Hecho un acuerdo sobre la guerra, volvió de nuevo a Florencia llamado por
Baccio Valori, retornado de nuevo hizo una Leda en tabla trabajada al temple,
que era divina, que envió a Francia con su discípulo Antonio Mini. (Desaparecida.
Era un encargo de Alfonso I, existe una copia de Rosso Fiorentino en la National
Gallery de Londres, también otras en los museos de Berlín y Dresde, y otra
en Venecia) Comenzó
una figurita de mármol para Baccio Valori,
un Apolo tomando una flecha del carcaj
(Conocido por David/Apolo, en el Bargello de Florencia,
iniciado aprox. 1525-26 como un David, transformado en Apolo para Valori.)
como favor para que intercediera ante los Médicis, y
ante el Papa a quien había injuriado mucho, y es perdonado gracias a su virtud,
pues tenía inclinación a hacer dibujos y estatuas feas y les había prometido
hacerlas injuriosas contra ellos, a quien cuando pobre le dió alimento vituperándolo.

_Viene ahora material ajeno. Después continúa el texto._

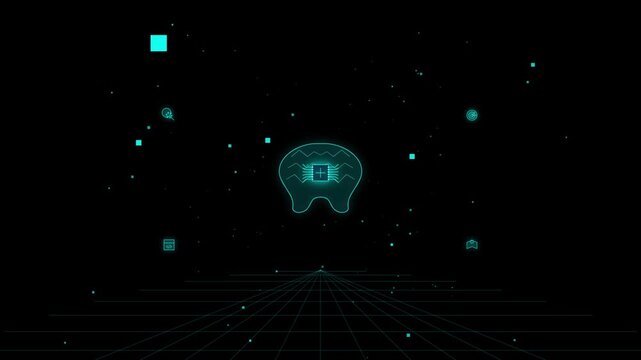 Digital brain artificial intelligence hud interface with neural network data processing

Pues se cuenta que en el asedio había un bloque de mármol de Carrara de nueve
brazos que el quería y que para incitarle su espíritu el Papa Clemente había entregado
a Baccio Bandinelli, cuando se hizo público el Gonfaloniere se lo dió a el,
ya había hecho Baccio el modelo y teniéndolo resumido. El modelo de Miguel Ángel
resultó maravilloso. Vueltos los Médicis, vuelve de nuevo a Baccio porque acordó
el Papa Clemente que Miguel Ángel fuese a Roma a pesar de las injurias
como amigo de lo virtuoso le perdonó, y que volviera y acabara enteramente la
sacristía de San Lorenzo y la biblioteca en Florencia. Compartieron con otros
maestros muchas estatuas para abreviar y terminarla, dos a Triboldo, una a Raffaello
da Monte Lupo (San Damian) una
a Giovanni Agnolo (Giovan Agnolo Montorsoli, el San Cosme) a todos ellos en escultura los ayudó con maquetas esbozadas
en barro. Trabajaron vigorosamente ocupándose él de la librería,
acabando el palco con las tallas de madera hechas por los maestros Florentinos,
excelentes talladores, Carota y Tasso (Giovanbattista del Tasso 1500-1555) y también expertos en el marco, a las órdenes del amigo
de Batista del Cinque (¿? activo hacia 1530 en Florencia)
Ciappino (¿?
no hay datos sobre el)
trabajaron las estanterías y los bancos buenos maestros en lo suyo. Y para acabarlo
se llevó a Giovanni da Udini que hizo junto con otros trabajadores suyos el
estuco de la tribuna, que solícitos intentaban acabar esta empresa, porque cuando
Miguel Ángel quería poner las estatuas vino en el Papa, llamarle para la capilla
de Sisto, con el espíritu y deseo de que hiciera la fachada, allí se zambulló
vuelto a la pintura donde antes lo hizo para Julio II, estando en los proyectos
murió Clemente VII, y de la obra de Florencia que tanto estudió buscando terminarla
inacabada quedó, porque los que trabajaban en ella, ya que nadie se hacia cargo
del gasto, fueron despedidos.
Entonces el tercer Farnese conocido y amigo suyo Papa
Pablo III fue nombrado sucesor, estando la obra comenzada y queriéndola terminar
Miguel Ángel, para su memoria le ordenó que levantara andamios ordenando proseguirla
haciéndole provisión de dineros mensualmente. Con solicitud muy grande comenzó
a construir una fachada de ladrillo inclinada de medio brazo para que le polvo
no se acumulara ni lo dañase, trabajando mejor
para su fin, en estas cosas su santidad paso a ver la obra acompañado del maestro
de ceremonias (Biagio di Cesena) que tenía una actitud presuntuosa, criticaba la
obra por los muchos desnudos que tenía, queriendo vengarse Miguel Ángel al natural
lo dibujó como Minos entre los diablos en el infierno.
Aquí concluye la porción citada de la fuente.